*Exercise*:
The goal is an unaltered copy of the records below, minus any images.

### Supplied material ###

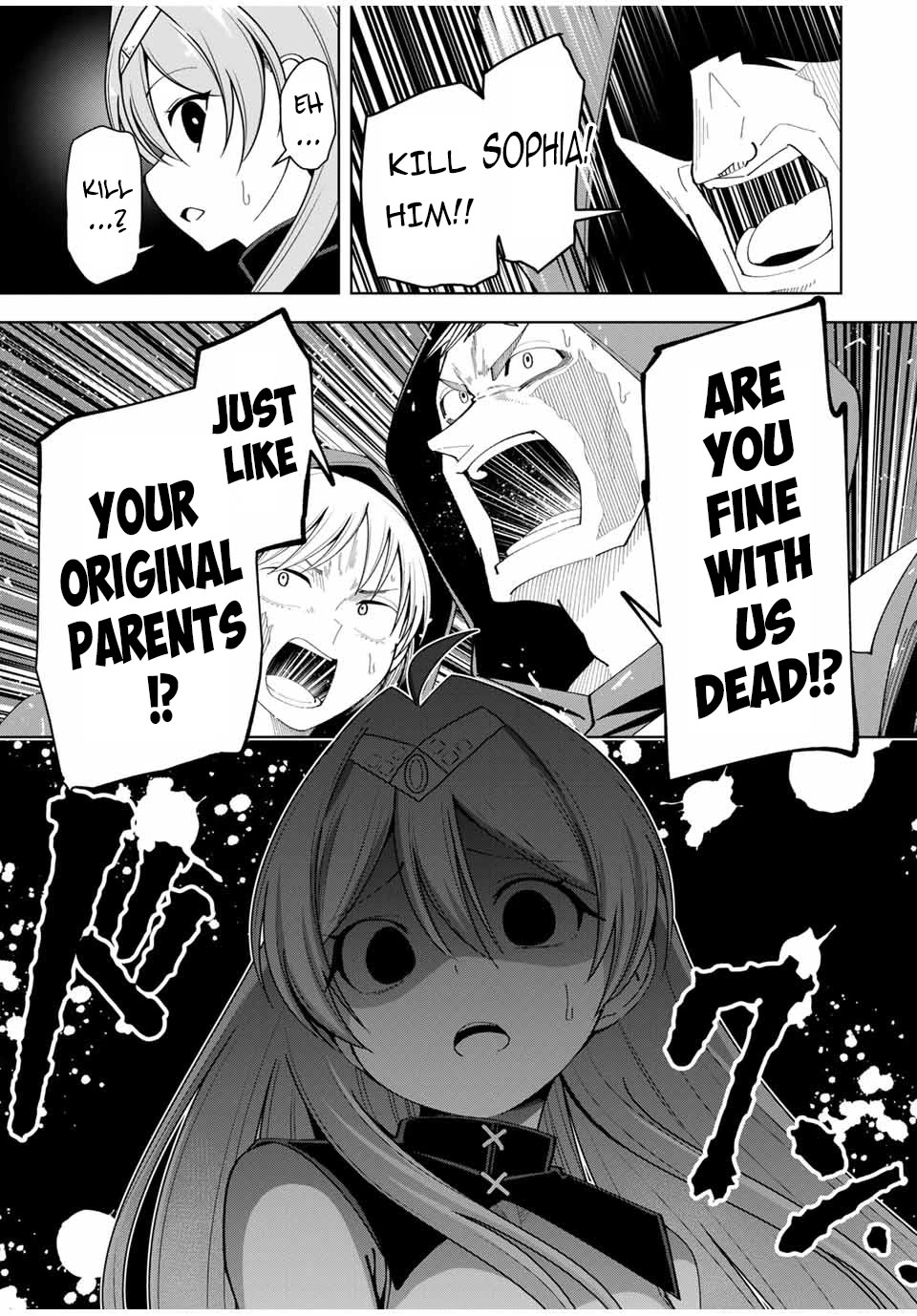 After Being Called a Hero: The Unrivaled Man Starts a Family Chapter 10 page 16 - Chapter 10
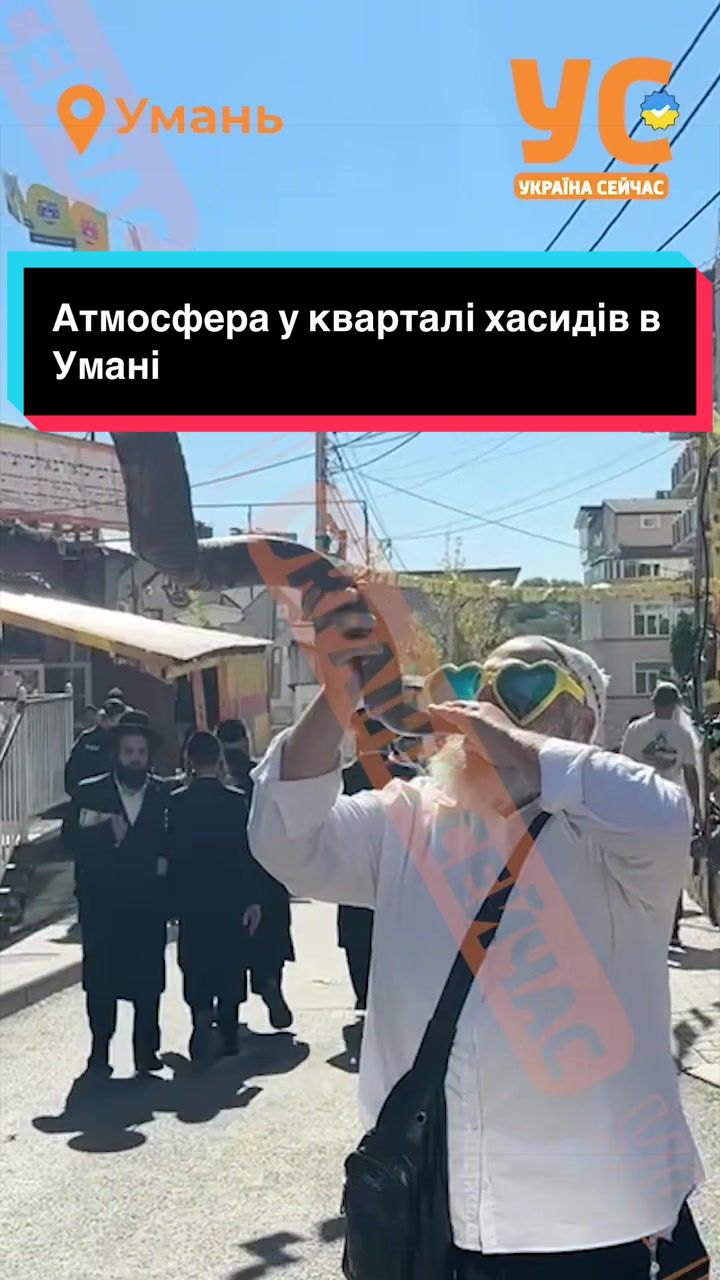 @УС: Україна Сейчас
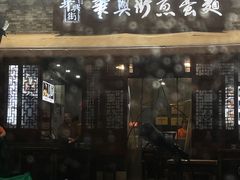 -华兴街煎蛋面(总店)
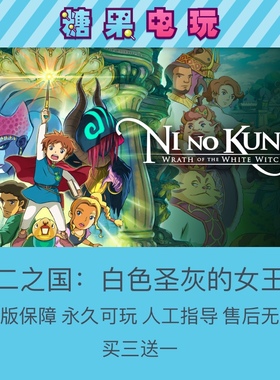 switch买三送一ns二之国：白色圣灰的女王数字版下载游戏主号副号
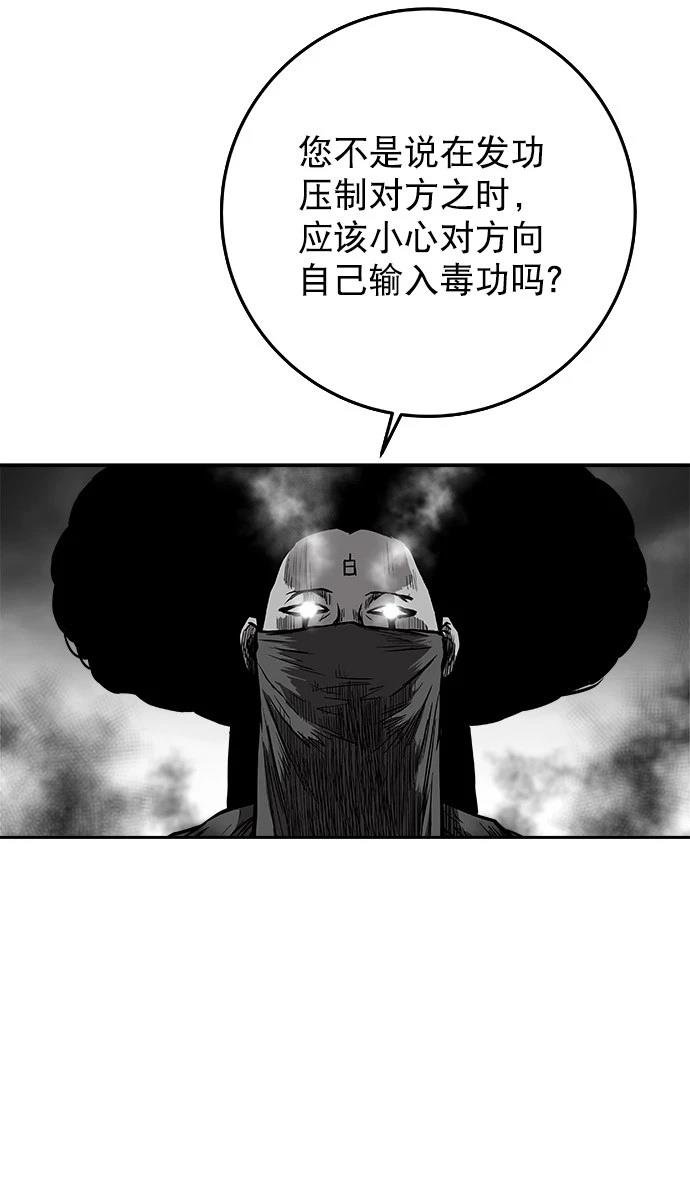 第2季第019话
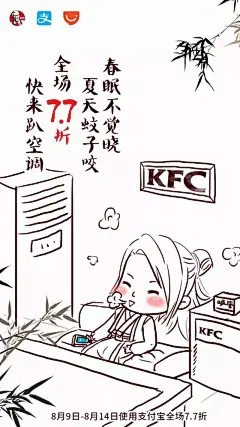 七夕全场7.7折,肯德基X支付宝超级CP高调秀恩爱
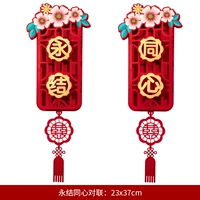 Свадебная комната маленький куплет [навсегда концентрику]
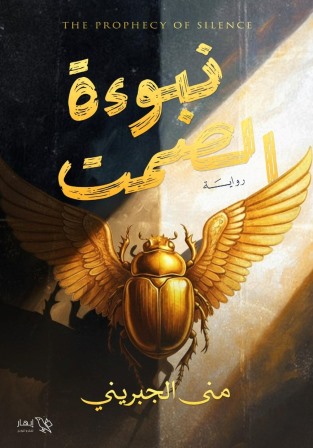 نبوءة الصمت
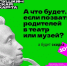 zPkj7ZqMJ93tL-AYr391jPRmNtyT6-_HMMC-hUhM8WQXHrx9N8U_N-UD7kcxABlnvcLCfjw4Wd5BhgyD-01esFY3 - Музей истории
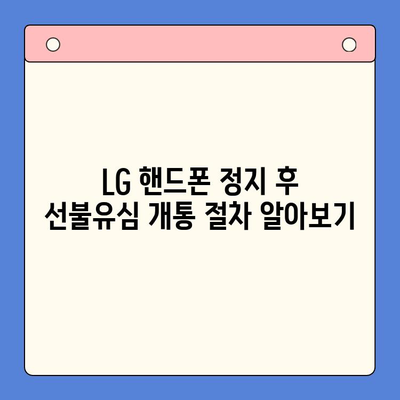 LG 핸드폰 정지 후 선불유심 개통, 이렇게 하면 됩니다! | 선불유심 개통, 휴대폰 정지 해제, 알뜰폰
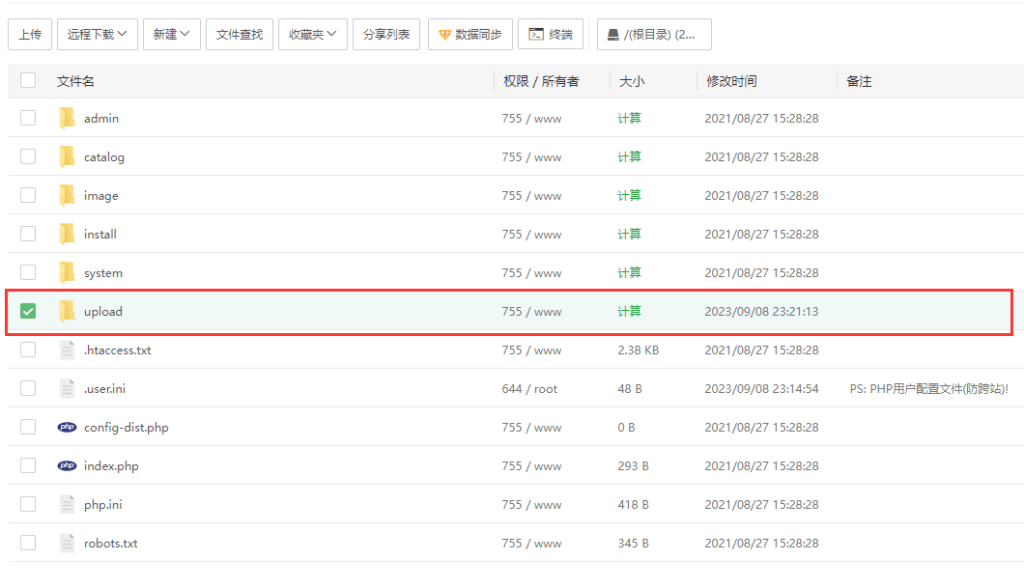 图片[3]-开源免费的在线电子商城 OpenCart 3.0.3.8 详细安装教程 - 我是怪兽-我是怪兽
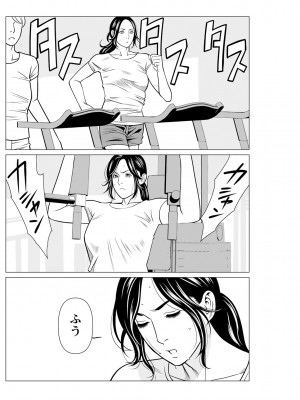 アクションピザッツ 2024年11月号 [DL版]_184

###

*Response to this exercise*:
 After Being Called a Hero: The Unrivaled Man Starts a Family Chapter 10 page 16 - Chapter 10
 @УС: Україна Сейчас
 -华兴街煎蛋面(总店)
 switch买三送一ns二之国：白色圣灰的女王数字版下载游戏主号副号
 第2季第019话
 七夕全场7.7折,肯德基X支付宝超级CP高调秀恩爱
 Свадебная комната маленький куплет [навсегда концентрику]
 نبوءة الصمت
 zPkj7ZqMJ93tL-AYr391jPRmNtyT6-_HMMC-hUhM8WQXHrx9N8U_N-UD7kcxABlnvcLCfjw4Wd5BhgyD-01esFY3 - Музей истории
 LG 핸드폰 정지 후 선불유심 개통, 이렇게 하면 됩니다! | 선불유심 개통, 휴대폰 정지 해제, 알뜰폰
 图片[3]-开源免费的在线电子商城 OpenCart 3.0.3.8 详细安装教程 - 我是怪兽-我是怪兽
 アクションピザッツ 2024年11月号 [DL版]_184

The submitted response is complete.